ボクは思考する#2
晴天のもと、走りながらボクは思考する。
まず頭に浮かんだのは、出掛けに冷凍庫から取り出した豚ロースのブロックについて。
ローストポークにでもするつもりで、解凍を始めたが、バカの一つ覚えのようにローストポークでもつまらない気もする。

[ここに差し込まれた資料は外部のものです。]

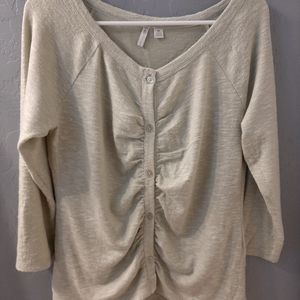 Soft Celery green summer sweater. New without tags. Attractive runching.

チャーシューにでも変更してみようか。解凍した後で、浸けるタレを中華っぽいものにすればそれっぽくなるのではないか。
ぜひそうしてみよう。
春に漬けた梅干しの梅酢が冷蔵庫に残っていたはずだ。解凍する塩水の塩の代わりに使ってみるのも面白いかもしれない。
これも実験してみることに決定。
野菜はどうしよう。
中華にするのなら玉子スープはどうだろう。
ボクは野菜室の中を思い出す。
玉ねぎ、白菜、シメジがあったはずだ。
シメジはでぽが好きではないが、そんなことは気にしないことにする。
しばらく走ったあとニンジンもあったことに思いあたり、ニンジンも入れることにする。
夕飯のメニューはなんとかなりそうだ。
ここまでで3㌔。
考えていると、スピードが上がってきてしまう。㌔6分を切ってしまっている。
反省。
思考は巡って、職場の子どもたちの陸上練習に移り行く。
この半年、子どもたちに走ることを教えてきた。
最初はいやがっていた子が、暇だから練習したいといってきたときは、本当に嬉しかった。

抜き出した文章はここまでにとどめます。